Mairzie dotes and dozie dotes...


...and little lambsie divies.

Is what I really tried very hard not to hum when visiting the lambs this afternoon at Prestwick Farm. They were indeed very cute, and two new ones plopped out as we were visiting! This is a mosaic I made of the best of the pictures, some nice earnest looking sheep portraits and curious lamb faces too!


Out of my own curiosity I just had to look up what that daft song is about, and apparently it translates as 'Mares eat oats and does eat oats and little lambs eat ivy', which, of course, they do not at all, which just makes it even dafter.

Saturday 6 March 2010

Millicent Chop's Raspberry Vanilla Cupcakes



This is Millicent Chop.

She likes vanilla cupcakes and raspberry jam. She's been ever so careful not to get any crumbs or sticky jam dabs on her dress because very soon she is going to live with Jeremy Sock (formerly Bill, The School Sock Elephant). She is rather looking forward to this and if she had a little suitcase I imagine it would already be packed and by the door - pink tutu, angora cardigan, and very, very soft and tiny cashmere socks.

Poor Millicent waited ages for me to finish her, but quite by chance, as well as finishing Millicent today, I have made some cupcakes that combine her favourite foods. She is absolutely delighted with them as you can see.

Millicent Chop's Raspberry Vanilla Cupcakes
(Makes about 8 substantial cupcakes or 12 smaller ones)

You will need:
100g soft butter
100g caster sugar
2 beaten eggs
1 tsp vanilla essence
100g self raising flour
25g ground almonds
1 tsp baking powder
a couple of handfuls of ripe raspberries, lightly squished.

To decorate:
50g very soft butter
100g icing sugar
2 tsp milk
a tiny drop of red food colouring
8 nice fat raspberries

What to do:
1. Line a cupcake tray with 8 large cupcake cases and preheat the oven to 170 degrees.
2. Beat the sugar and the butter together until smooth and creamy.

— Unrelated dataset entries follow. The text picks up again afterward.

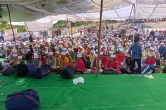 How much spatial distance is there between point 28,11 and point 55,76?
386cm

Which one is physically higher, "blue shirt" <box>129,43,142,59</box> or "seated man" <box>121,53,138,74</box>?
"blue shirt" <box>129,43,142,59</box>

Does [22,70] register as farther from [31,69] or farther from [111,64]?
[111,64]

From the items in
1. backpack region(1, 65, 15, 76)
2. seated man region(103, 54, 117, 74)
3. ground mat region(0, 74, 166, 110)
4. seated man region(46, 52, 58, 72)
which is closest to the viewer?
ground mat region(0, 74, 166, 110)

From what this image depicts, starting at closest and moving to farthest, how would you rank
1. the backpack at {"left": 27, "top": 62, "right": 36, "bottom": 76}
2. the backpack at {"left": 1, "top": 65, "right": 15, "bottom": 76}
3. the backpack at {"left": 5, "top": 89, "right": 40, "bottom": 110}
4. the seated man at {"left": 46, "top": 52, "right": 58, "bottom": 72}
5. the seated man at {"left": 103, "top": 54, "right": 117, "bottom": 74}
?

Combine the eggs and vanilla essence then add to the butter mixture a little at a time, beating well. Fold in the flour, baking powder and ground almonds, and then the squished raspberries, distributing evenly.
3. Fill the cupcake cases to two thirds full, then bake in the preheated oven for 20-25 minutes until risen, golden brown and springy to touch. Stand the cakes on a wire rack, and when cool combine the butter, icing sugar and red colouring* to make a frosting. Spread all over the cakes, and top each one with a raspberry. Delicious!

*tip: use a cocktail stick to add just the tiniest trace of colouring to make a very pale pink. Then beat, repeat, until desired tone is achieved. A little goes a very long way.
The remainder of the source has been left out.